**Exercise aim:**
Nothing but the lines from the first line of the material below through the line that holds "octopus, light fixture, art" should be set down, exactly and with pictures left out.

BEGIN

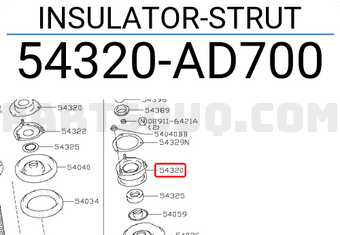 Nissan 54320AD700 INSULATOR-STRUT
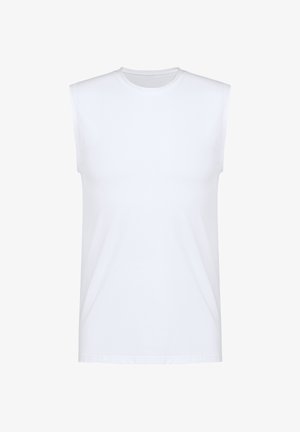 Maglietta senza maniche di colore bianco realizzata in cotone liscio, con scollatura rotonda e vestibilità comoda, priva di motivi o decorazioni.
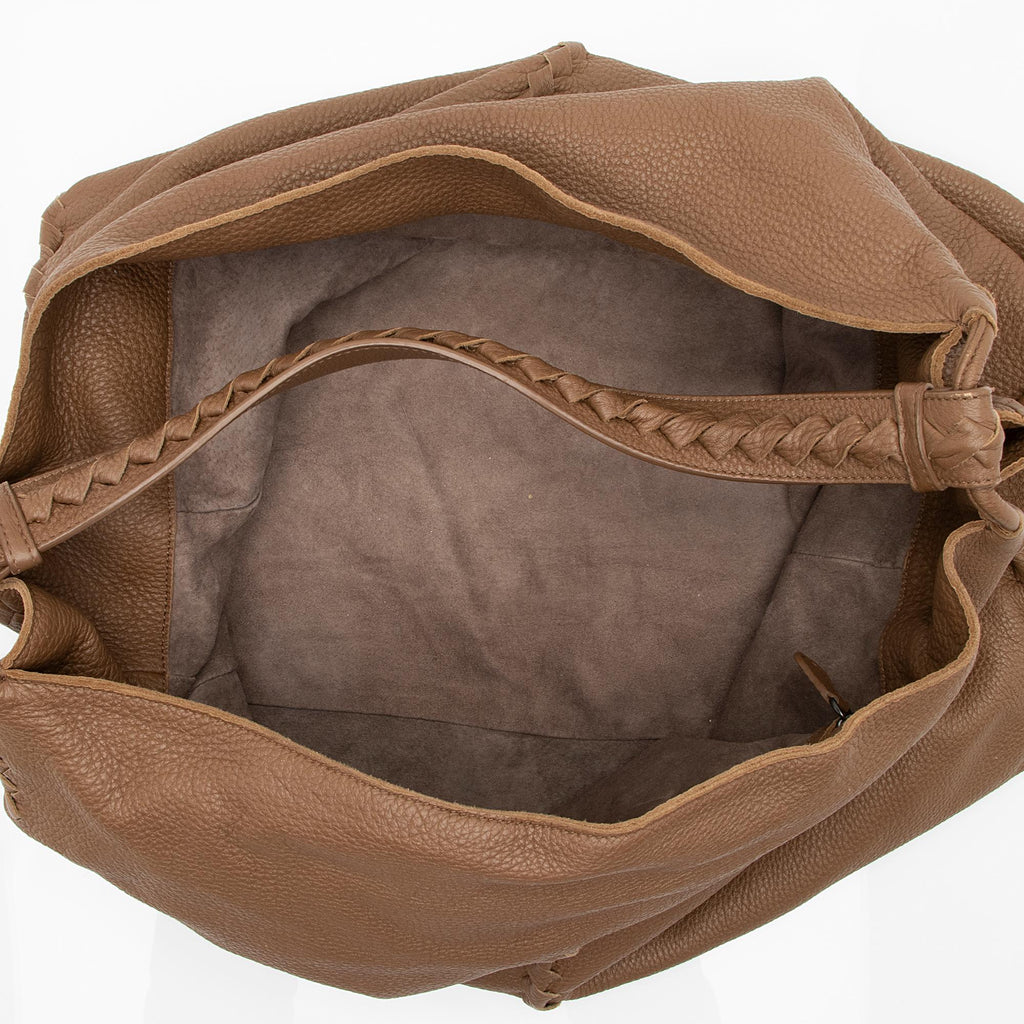 Bottega Veneta Cervo Leather Intrecciato Large Hobo (SHF-23370)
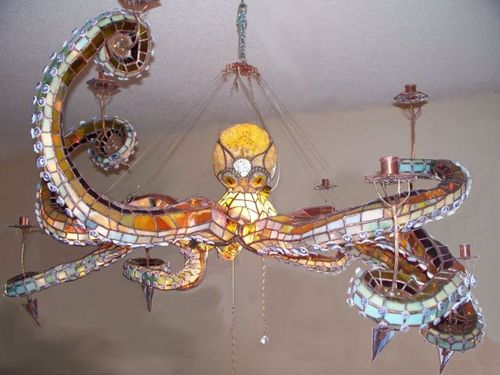 octopus, light fixture, art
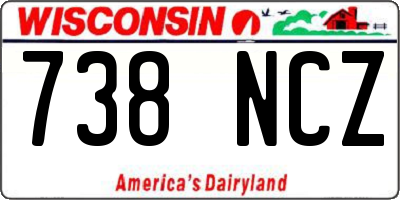 WI license plate 738NCZ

END

**Answer space:**
 Nissan 54320AD700 INSULATOR-STRUT
 Maglietta senza maniche di colore bianco realizzata in cotone liscio, con scollatura rotonda e vestibilità comoda, priva di motivi o decorazioni.
 Bottega Veneta Cervo Leather Intrecciato Large Hobo (SHF-23370)
 octopus, light fixture, art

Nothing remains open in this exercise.